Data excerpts
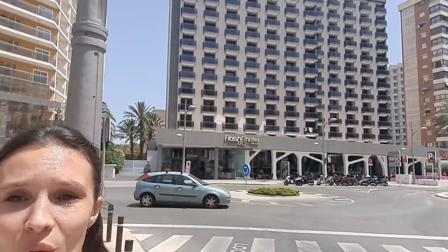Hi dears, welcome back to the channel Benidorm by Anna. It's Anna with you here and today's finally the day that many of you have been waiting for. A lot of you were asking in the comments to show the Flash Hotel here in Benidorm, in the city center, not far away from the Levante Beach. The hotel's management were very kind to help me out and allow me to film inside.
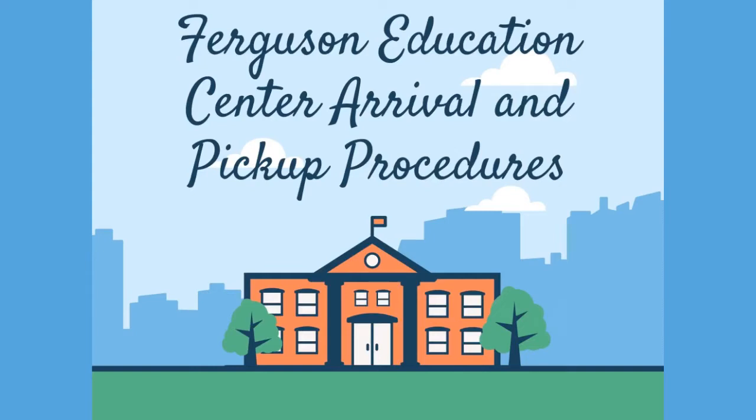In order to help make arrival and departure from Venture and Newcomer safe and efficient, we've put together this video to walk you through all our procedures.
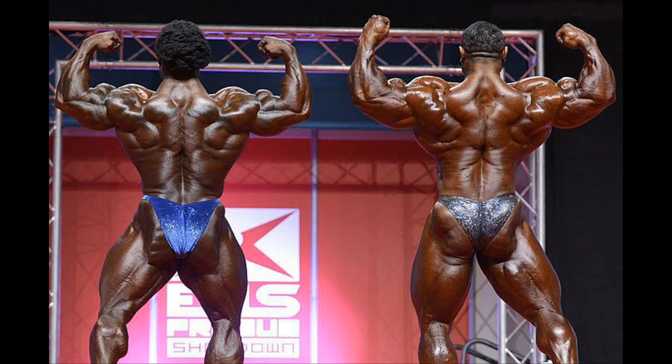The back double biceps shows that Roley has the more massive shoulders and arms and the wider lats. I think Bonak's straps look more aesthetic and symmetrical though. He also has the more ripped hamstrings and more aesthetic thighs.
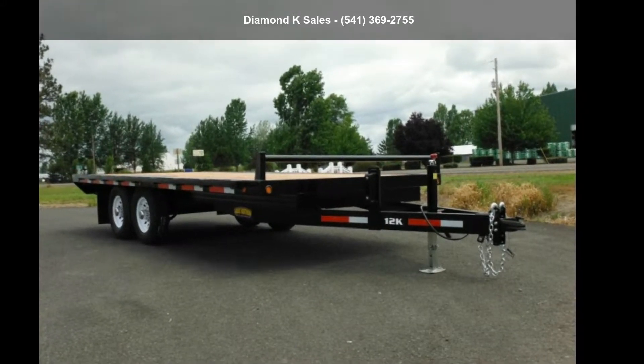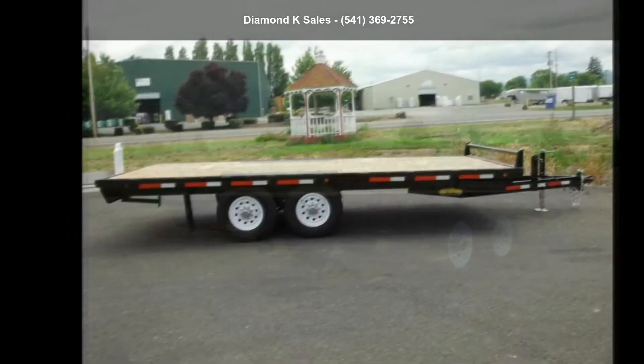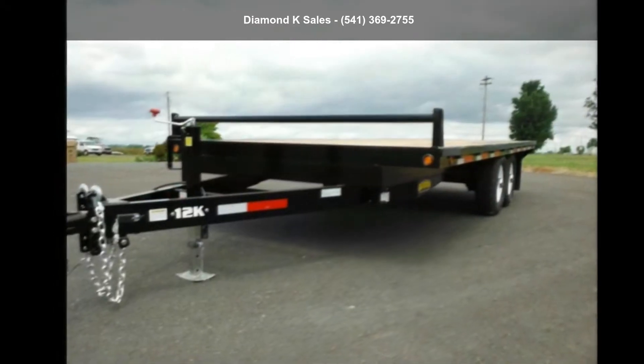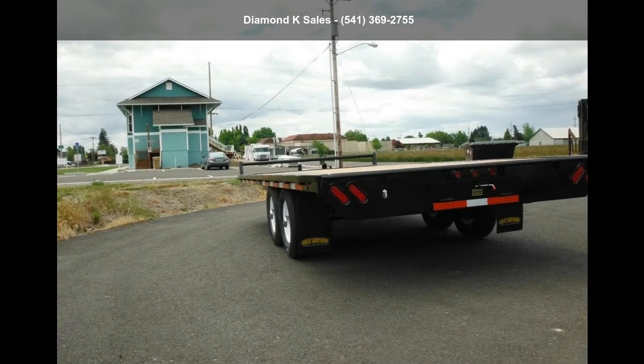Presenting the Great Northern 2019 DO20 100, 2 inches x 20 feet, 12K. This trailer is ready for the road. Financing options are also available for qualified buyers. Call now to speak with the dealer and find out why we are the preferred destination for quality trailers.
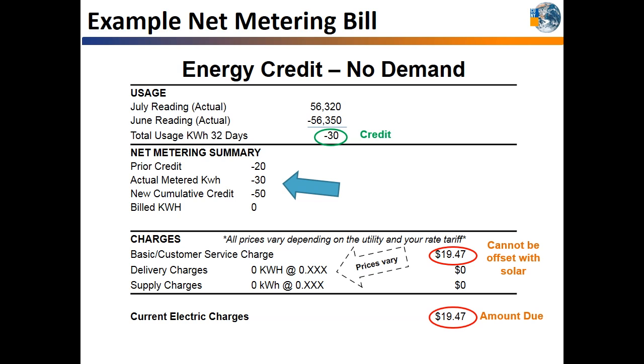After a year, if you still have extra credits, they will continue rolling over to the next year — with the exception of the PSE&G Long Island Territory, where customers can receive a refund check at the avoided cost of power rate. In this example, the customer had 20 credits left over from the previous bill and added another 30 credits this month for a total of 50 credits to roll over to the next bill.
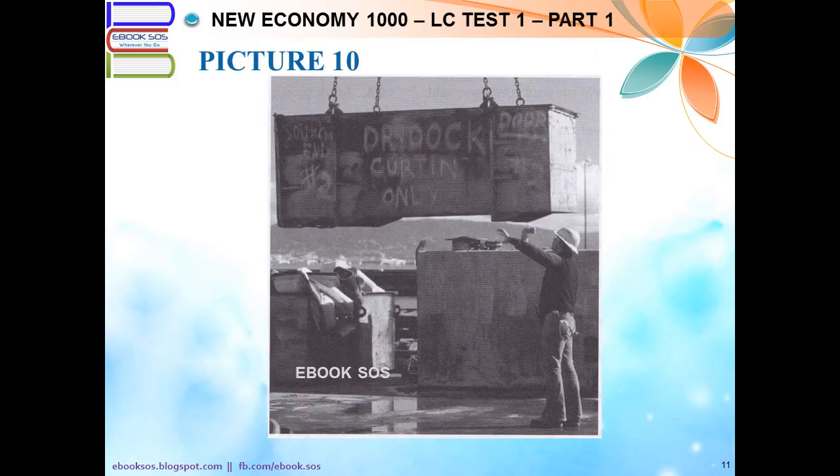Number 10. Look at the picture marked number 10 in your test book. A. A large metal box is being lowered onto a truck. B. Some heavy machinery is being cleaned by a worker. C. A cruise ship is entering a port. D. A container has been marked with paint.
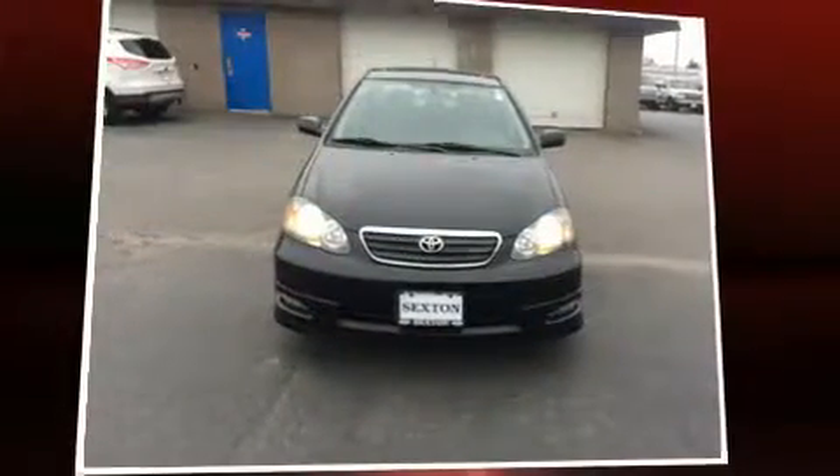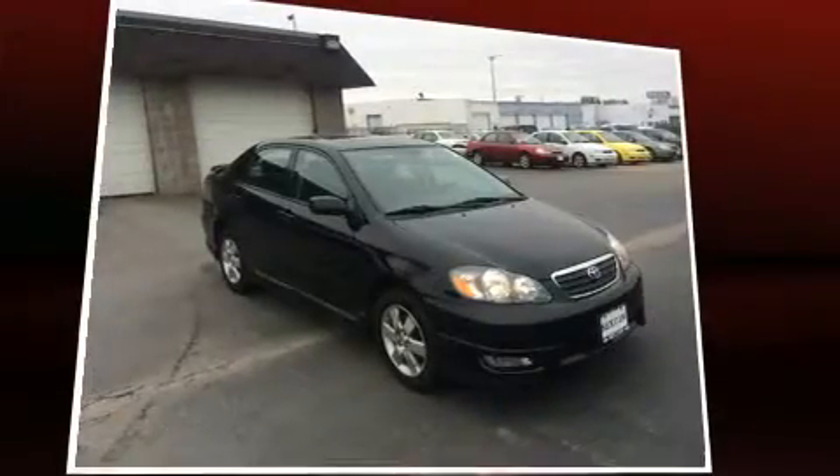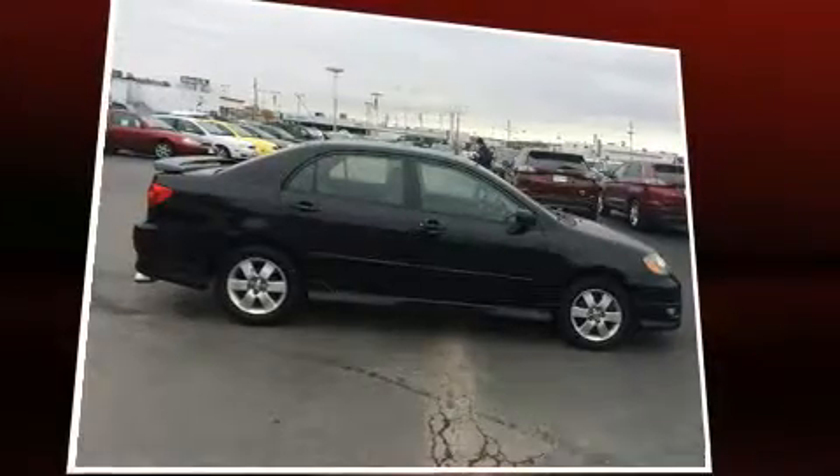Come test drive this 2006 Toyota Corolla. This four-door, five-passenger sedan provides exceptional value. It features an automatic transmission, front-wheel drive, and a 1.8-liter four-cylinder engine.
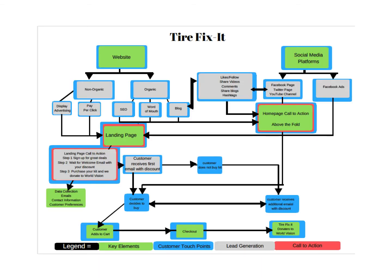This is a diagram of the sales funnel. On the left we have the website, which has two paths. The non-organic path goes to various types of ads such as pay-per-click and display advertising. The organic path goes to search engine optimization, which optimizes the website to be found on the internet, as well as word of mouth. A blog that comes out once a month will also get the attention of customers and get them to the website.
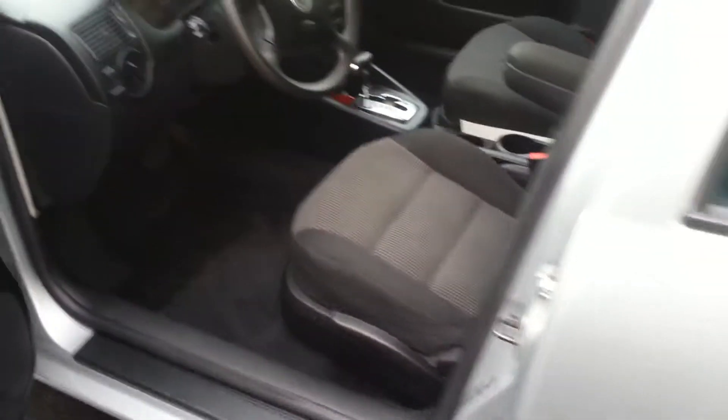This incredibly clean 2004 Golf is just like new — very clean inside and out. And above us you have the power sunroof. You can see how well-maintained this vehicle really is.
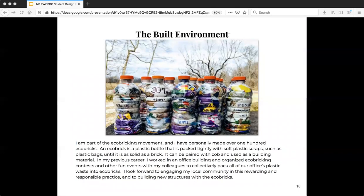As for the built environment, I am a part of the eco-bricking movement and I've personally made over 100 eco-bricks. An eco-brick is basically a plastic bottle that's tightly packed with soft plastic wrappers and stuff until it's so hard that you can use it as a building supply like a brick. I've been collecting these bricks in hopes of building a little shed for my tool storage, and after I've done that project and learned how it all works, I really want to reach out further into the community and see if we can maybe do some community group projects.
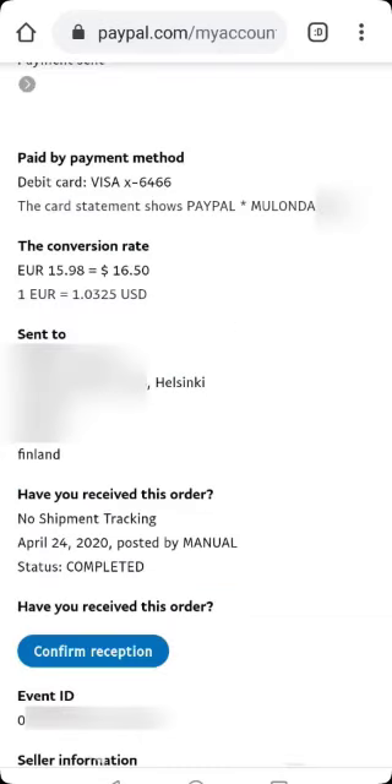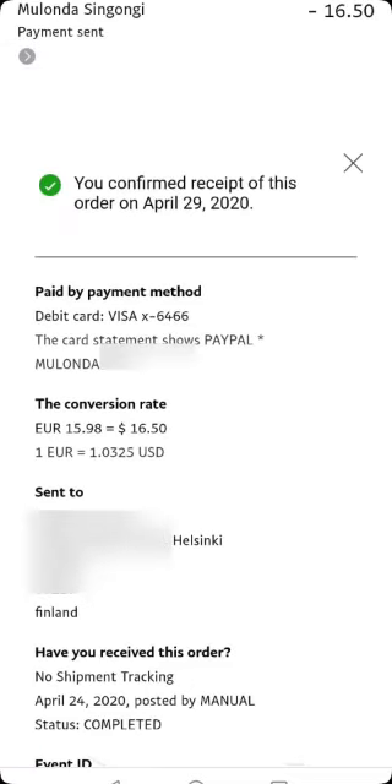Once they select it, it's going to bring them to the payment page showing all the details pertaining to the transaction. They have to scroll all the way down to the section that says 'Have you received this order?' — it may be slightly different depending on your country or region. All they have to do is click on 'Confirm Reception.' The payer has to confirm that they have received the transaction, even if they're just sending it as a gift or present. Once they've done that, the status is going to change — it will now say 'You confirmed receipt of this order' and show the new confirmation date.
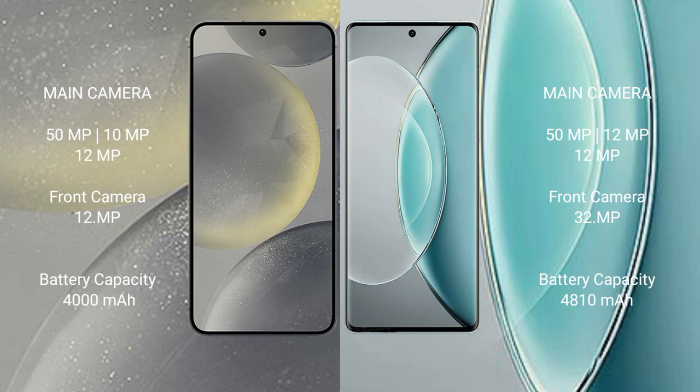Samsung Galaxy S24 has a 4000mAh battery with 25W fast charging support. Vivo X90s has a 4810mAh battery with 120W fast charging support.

- **To do**
Word for word, repeat each record above; leave out every picture.

- **Answer space**
Hi dears, welcome back to the channel Benidorm by Anna. It's Anna with you here and today's finally the day that many of you have been waiting for. A lot of you were asking in the comments to show the Flash Hotel here in Benidorm, in the city center, not far away from the Levante Beach. The hotel's management were very kind to help me out and allow me to film inside.
In order to help make arrival and departure from Venture and Newcomer safe and efficient, we've put together this video to walk you through all our procedures.
The back double biceps shows that Roley has the more massive shoulders and arms and the wider lats. I think Bonak's straps look more aesthetic and symmetrical though. He also has the more ripped hamstrings and more aesthetic thighs.
Presenting the Great Northern 2019 DO20 100, 2 inches x 20 feet, 12K. This trailer is ready for the road. Financing options are also available for qualified buyers. Call now to speak with the dealer and find out why we are the preferred destination for quality trailers.
After a year, if you still have extra credits, they will continue rolling over to the next year — with the exception of the PSE&G Long Island Territory, where customers can receive a refund check at the avoided cost of power rate. In this example, the customer had 20 credits left over from the previous bill and added another 30 credits this month for a total of 50 credits to roll over to the next bill.
Number 10. Look at the picture marked number 10 in your test book. A. A large metal box is being lowered onto a truck. B. Some heavy machinery is being cleaned by a worker. C. A cruise ship is entering a port. D. A container has been marked with paint.
Come test drive this 2006 Toyota Corolla. This four-door, five-passenger sedan provides exceptional value. It features an automatic transmission, front-wheel drive, and a 1.8-liter four-cylinder engine.
This is a diagram of the sales funnel. On the left we have the website, which has two paths. The non-organic path goes to various types of ads such as pay-per-click and display advertising. The organic path goes to search engine optimization, which optimizes the website to be found on the internet, as well as word of mouth. A blog that comes out once a month will also get the attention of customers and get them to the website.
This incredibly clean 2004 Golf is just like new — very clean inside and out. And above us you have the power sunroof. You can see how well-maintained this vehicle really is.
As for the built environment, I am a part of the eco-bricking movement and I've personally made over 100 eco-bricks. An eco-brick is basically a plastic bottle that's tightly packed with soft plastic wrappers and stuff until it's so hard that you can use it as a building supply like a brick. I've been collecting these bricks in hopes of building a little shed for my tool storage, and after I've done that project and learned how it all works, I really want to reach out further into the community and see if we can maybe do some community group projects.
Once they select it, it's going to bring them to the payment page showing all the details pertaining to the transaction. They have to scroll all the way down to the section that says 'Have you received this order?' — it may be slightly different depending on your country or region. All they have to do is click on 'Confirm Reception.' The payer has to confirm that they have received the transaction, even if they're just sending it as a gift or present. Once they've done that, the status is going to change — it will now say 'You confirmed receipt of this order' and show the new confirmation date.
Samsung Galaxy S24 has a 4000mAh battery with 25W fast charging support. Vivo X90s has a 4810mAh battery with 120W fast charging support.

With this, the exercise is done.